Depuis son accession au pouvoir, au lendemain des élections législatives de novembre 2002 emportées par son parti, l'AKP, Recep Tayyip Erdogan n'a cessé de vanter les vertus du dialogue avec l'Europe. Si ce dialogue s'engage pour de bon le 3 octobre, il pourra légitimement revendiquer la paternité d'un ancrage à l'ouest souhaité par la Turquie depuis quarante ans. Mais en cas d'échec, sa position sera très inconfortable : Erdogan pourrait devenir un parfait bouc émissaire, le responsable désigné d'une impasse que ses ennemis politiques, qui sont nombreux, s'empresseraient de lui faire endosser.
Pour le moment, ses adversaires se contentent de le prendre en tenaille, l'obligeant parfois à de douloureuses contorsions : le premier ministre est en effet tenu de satisfaire aux exigences de Bruxelles tout en rassurant son opinion, dont l'enthousiasme européen s'est déjà émoussé. Il doit aussi, en de multiples occasions, faire la preuve de son orthodoxie républicaine, essuyant régulièrement les critiques de ceux qui l'accusent de brader les idéaux du pays. On l'a vu, pas plus tard que la semaine dernière, lorsque les nationalistes, de droite comme de gauche, se sont unis pour empêcher la tenue d'une conférence sur le génocide arménien que le premier ministre avait pourtant appelée de ses voeux.
De la même façon, le pas en avant franchi cet été par le chef du gouvernement, qui s'est prononcé pour la reprise du dialogue et pour une solution politique à la question kurde, a été largement exploité par l'opposition qui l'a accusé, dans des termes à peine voilés, de trahir les intérêts de la nation en pactisant avec l'ennemi.
Dans cette période pleine d'incertitudes, les discours démagogiques font mouche. Ainsi, le récent déplacement du chef du parti de la Juste Voie (DYP), Mehmet Agar, à Kayseri, dans le centre du pays, a été largement commenté par la presse. Dans cette ville où 70 pour cent des électeurs avaient voté pour l'AKP en novembre 2002, les journalistes ont été surpris de constater à quel point l'orateur du DYP, se présentant comme un gardien de l'ordre, ennemi des voleurs à la tire, des escrocs de la finance et des terroristes, a été acclamé par la foule.
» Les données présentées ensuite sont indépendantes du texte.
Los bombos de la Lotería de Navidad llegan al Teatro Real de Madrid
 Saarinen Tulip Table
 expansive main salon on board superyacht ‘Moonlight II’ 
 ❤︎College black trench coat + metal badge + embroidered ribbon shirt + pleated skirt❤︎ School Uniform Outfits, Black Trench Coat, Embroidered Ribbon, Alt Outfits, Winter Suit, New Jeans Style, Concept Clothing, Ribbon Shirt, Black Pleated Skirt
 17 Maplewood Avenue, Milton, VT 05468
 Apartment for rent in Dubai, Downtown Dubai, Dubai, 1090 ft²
Particulièrement au moment où il a mis en cause l'attitude du gouvernement, jugée équivoque sur le dossier kurde.
Même au sein de son propre parti, Recep Tayyip Erdogan n'a pas que des amis. Depuis un an, les démissions se sont succédé dans les rangs de l'AKP, montrant la fragilité d'un mouvement qui rassemble de nombreux opportunistes ou des indécis, prêts à changer de camp sans états d'âme. Quant aux purs et durs du parti, ils compliquent eux aussi considérablement la tâche du premier ministre, l'obligeant à des reprises en main parfois délicates.
Le journaliste Cüneyt Ülsever a récemment tenté de dresser une liste de ceux qui, selon lui, tentent de mener le pays sur les pentes dangereuses de l'instabilité et du chaos. Dans cette liste figurent notamment certains groupes islamistes, autoproclamés «experts en religion», qui auraient commencé à débattre de l'éventualité d'interdire l'alcool dans certains lieux. Avec, comme perspective finale, celle d'une restauration du califat en Turquie.
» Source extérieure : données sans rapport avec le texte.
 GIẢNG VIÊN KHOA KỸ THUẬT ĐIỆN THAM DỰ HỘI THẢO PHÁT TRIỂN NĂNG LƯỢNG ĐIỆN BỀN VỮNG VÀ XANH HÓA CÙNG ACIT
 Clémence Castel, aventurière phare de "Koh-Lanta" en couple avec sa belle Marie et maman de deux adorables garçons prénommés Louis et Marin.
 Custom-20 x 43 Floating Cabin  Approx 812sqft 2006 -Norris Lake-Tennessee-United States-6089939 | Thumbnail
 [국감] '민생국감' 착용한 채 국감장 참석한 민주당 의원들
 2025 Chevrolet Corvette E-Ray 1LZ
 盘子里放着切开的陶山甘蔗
De tels projets, quoique nébuleux, indignent évidemment les défenseurs de la doctrine kémaliste dont le Parti républicain du peuple (CHP), chef de file de l'opposition, est le principal porte-voix. Son leader, Deniz Baykal, vient de se tailler un joli succès en réussissant pour la première fois depuis l'accession au pouvoir du gouvernement Erdogan à souder les rangs de l'opposition afin d'imposer, contre l'avis du premier ministre, la réunion au Parlement d'une session d'urgence sur le terrorisme. A l'occasion de ce débat, les critiques se sont abattues une nouvelle fois sur Recep Tayyip Erdogan, accusé par le chef de file du Parti de la Mère Patrie (Anavatan) de manquer de patriotisme et de faire preuve de faiblesse dans sa gestion des affaires de l'Etat.
Cette victoire remportée par l'opposition a relancé les spéculations sur d'éventuelles élections législatives anticipées, sujet que le premier ministre turc a jusqu'à présent écarté. Il est visiblement plus intéressé par une autre échéance : celle de la prochaine élection présidentielle, prévue en avril 2007. Mais d'ici là, il lui reste encore un long chemin à parcourir ; et nombreux sont ceux qui prédisent que l'année 2006 risque d'être pour lui celle de tous les dangers.